Ok...so here is my question...i have been playin around with my lights (2 ab b800 w/ umbrellas) and i was wondering what the best setting is to set the 'slider' on my bees....i'm new to the studio photography and just play around with it as a hobby.  i have a canon 50d and have self taught myself how to use and research on the net if i have questions.  however nowhere have i been able to find what settings to use....oh and mainly just shoot portraits of my son


----------



## Big Mike (Jan 26, 2012)

You set it to where you need it to be, to get the photo that you want.  

It's pretty straight forward, the slider controls the light output from the flash/strobe.  If you need more light, then turn it up.  If you need less light, turn it down.

OK...first things first.  The camera has to be in manual exposure mode.  Shutter speed doesn't really affect flash exposure, so all you have to do, is keep it below the camera's max sync speed (1/250).  So I'd suggest starting with a shutter speed of 1/200.  
Set your aperture for the depth of field that you want/need, or just choose one that will give you the best image quality from your lens.  (Try F8).
Since you have full control over the studio lights, you can keep the ISO low to minimize noise....so ISO 100.

OK, so you have your camera in manual, set to 1/200, F8 and ISO 100.  

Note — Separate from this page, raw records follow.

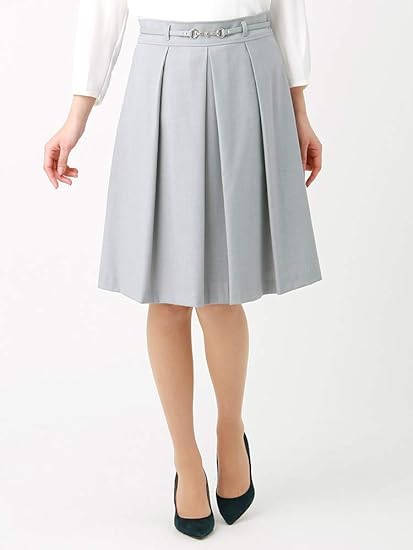 Amazon ザ スーツカンパニー 通年 ウォッシャブル ギャバストレッチ ベルト付きタックフレアスカート ライトグレー 40 スカート 通販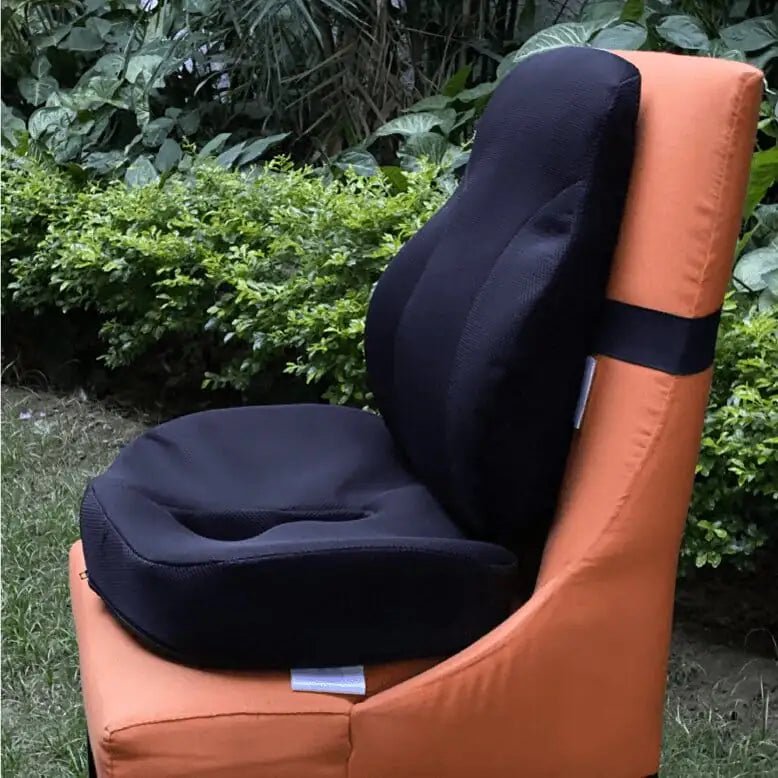 Victor - Work From Home Combo - Lumbar Backrest & Coccyx Tailbone Seat Cushion - Medium Firm - Combo - Back - Seat - The White Willow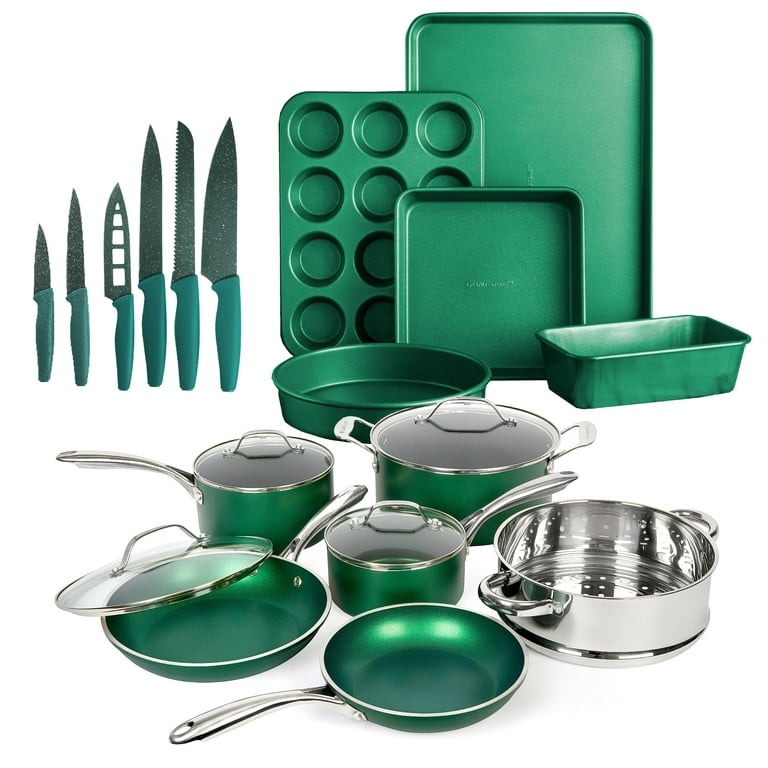 Emerald Pots and Pans Set Nonstick, 21 Piece Ultra Durable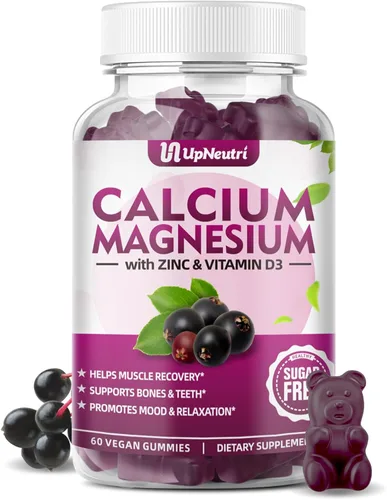 Calcio, magnesio y zinc con suplemento de vitamina D3, gomitas de calcio sin azúcar para mujeres y hombres, gomitas de zinc de alta absorción para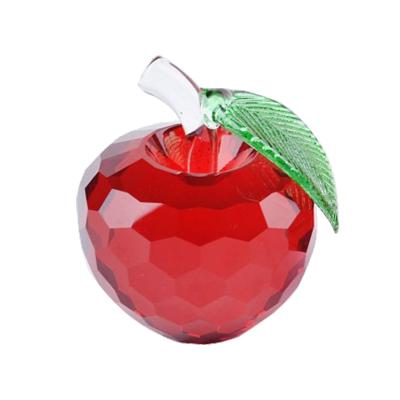 China China Desktop Decorative Glitter Red-pink Glass Crystal Apple With Green Leaf For Christmas for sale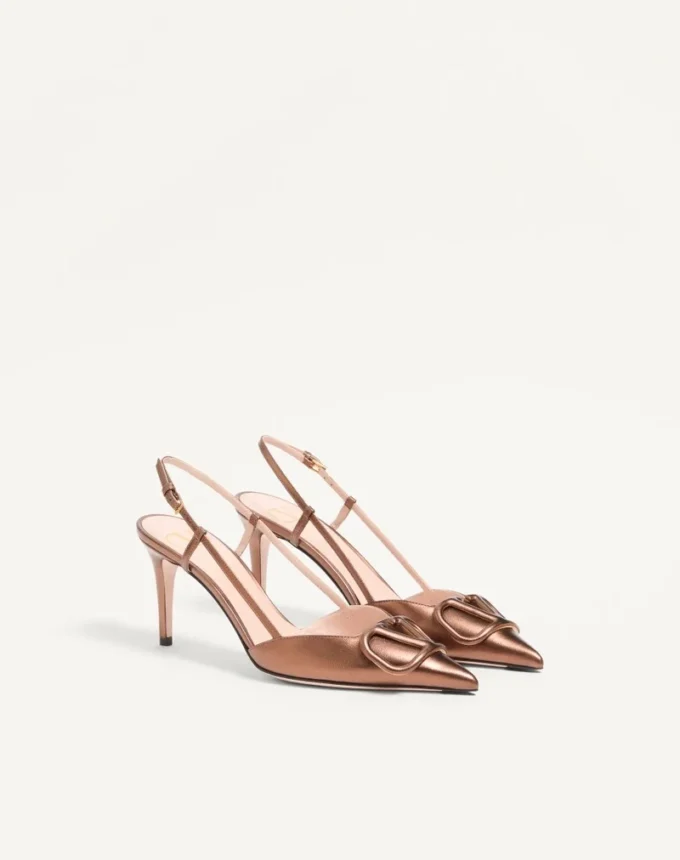 Pantofi cu baretă din piele nappa laminată 80 mm cu semnătura VLogo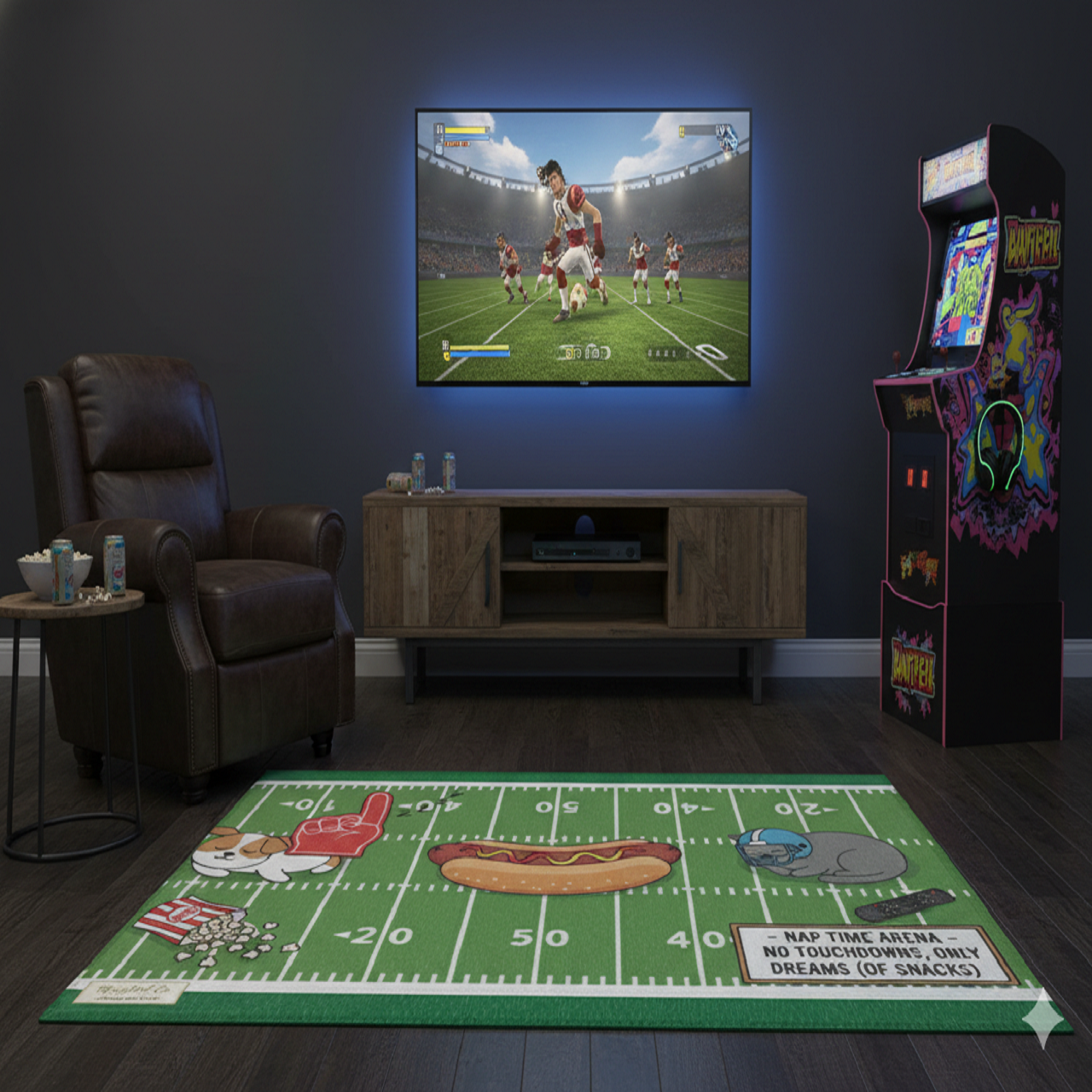 Football-themed Area Rug, Home Decor, Sports Living Room Mat, Game Day Decoration, Dog Lovers Gift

Now turn on your lights and take some test shots (probably best to start with one).  If the images are too dark, then you can turn up the power of the light...or move it closer to the subject.  You can also use a larger aperture (lower F number) or a higher ISO.  Any of those options will make the image brighter.  
So doing the opposite of any of those, will reduce the exposure of the image.


----------



## trcapro (Jan 26, 2012)

It's mainly a trial and error thing to see how you want the light in the shot. It really depends on all sorts of factors including the conditions in the room in which you are shooting, the distance the subject is from the lights and a series of other things that can play a role here. 

Big Mike is offering some great advice. Personally, I usually shoot at F10, ISO 200 and between 1/125 and 1/160 but I'm shooting in a 12X12 room with pretty easy to deal with conditions.


----------



## IgsEMT (Jan 26, 2012)

When I'm shooting in studio:
ISO 200, 1/160-1/200 second, f/5.6, my bees are about 5-7 feet away from the subject at 1/8-1/4 power. The variation of power depends on the distance from the subject. Start from there...
Good Luck


----------



## kundalini (Jan 26, 2012)

I'm not advocating you go out and spend the money, but this is where a hand held light meter is an invaluable tool.  Something to think about and worth saving for if this type of work will be your forte.


----------